The Divisional Court heard an application for judicial review of a decision of Adjudicator Susan Sapin, a seasoned former FSCO arbitrator, and indeed a former senior arbitrator with admininstrative responsibilities as well, who determined that the Applicant, Ms. Shuttleworth, was not catastrophically impaired. Following release of the decision, Ms. Shuttleworth’s counsel received an anonymous letter stating that after Adjudicator Sapin wrote her decision, it was reviewed by the executive chair of SLASTO, who “changed the decision to make the applicant not catastrophically impaired” and that Adjudicator Sapin “hesitated” to sign the order.
Ms. Shuttleworth sought further information from the LAT and discovered that under an unwritten review process imposed by SLASTO’s Executive Chair, the legal department had sent the adjudicator’s draft decision to the Executive Chair for review before it was finalized. The Executive Chair provided comments to Adjudicator Sapin, who revised her decision before its release. The nature of the revisions was not disclosed although, arguably, they should have been.
Writing for a unanimous Divisional Court panel which included Justice Fred Myers and Justice Mike McKelvey, Justice Julie Thorburn found that the LAT’s decision-making process did not meet the minimum standards required to ensure both the existence and the appearance of independence of the adjudicator’s decision. Although there was no finding of actual impropriety (the applicant did not prove that the Executive Chair did anything to force the adjudicator to change her decision), the Court held that “an informed, cautious observer would have a reasonable basis to believe that the decision did not reflect the independent decision of the adjudicator” and should be set aside.
The LAT admitted that it has a three- to four-step review process: decisions first go to the Duty Vice-Chair, then to the LAT legal team. In this case, the legal team took the additional step of sending the decision directly to the Executive Chair, as this was a CAT decision to be released by the LAT. Finally, all decisions are reviewed by the file’s case management officer.
Notably, the LAT’s review process is not set out in any written policy document. The Adjudicative Tribunals Accountability, Governance and Appointments Act, which governs SLASTO, contains a very formal process to ensure the accountability of tribunal members and officers both internally and to the public, and requires not only that there be a written policy, but that tribunals must make all such documents available to the public.
The LAT argued that adjudicators have a choice as to whether to have their decisions reviewed by the Executive Chair and that reviewers do not comment on the adjudicator’s ultimate result. The LAT claimed that there was no obligation on an adjudicator to participate in the review process or to make suggested changes. However, the LAT admitted that adjudicators “are expected” to subject their decisions for review and decisions are sent to the Executive Chair by the legal department without any assent or input from adjudicators. Notably, the Court observed that when comments come back to adjudicators from the Executive Chair, they are being made by a person with authority over the adjudicator’s reappointment. While not noted in the decision, it is also the case that the Executive Chair also has the regulatory power to reconsider the decision after it is rendered, thereby making this initial review before the release of the decision even more questionable, and/or the reconsideration process that much more suspect as to its value.
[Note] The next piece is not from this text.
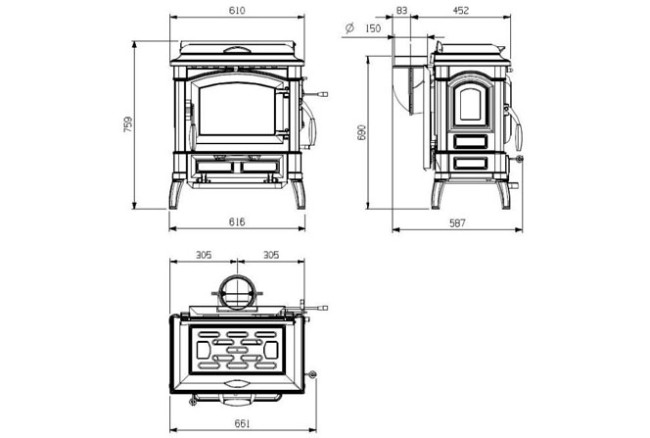 La Nordica Isetta con cerchi EVO 4.0 (черный антрацит) в Новосибирске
For reasons which are unknown, Applicant’s counsel did not cross-examine the LAT’s affiant on the affidavit submitted; thus, the Court was unable to make a finding that Adjudicator Sapin did not reach her decision independently.
Ultimately, the Court held that due to the lack of a written policy, the absence of evidence of an adjudicator’s right to decline review or not to implement recommended changes, and the fact that the review was conducted by someone at a supervisory level over the adjudicator, there was a reasonable apprehension that the decision was not made independently, such that the matter should be sent back for a new hearing.
While it would be interesting to get Adjudicator Sapin’s take on this entire set of circumstances, it is interesting to note that she is no longer at the LAT.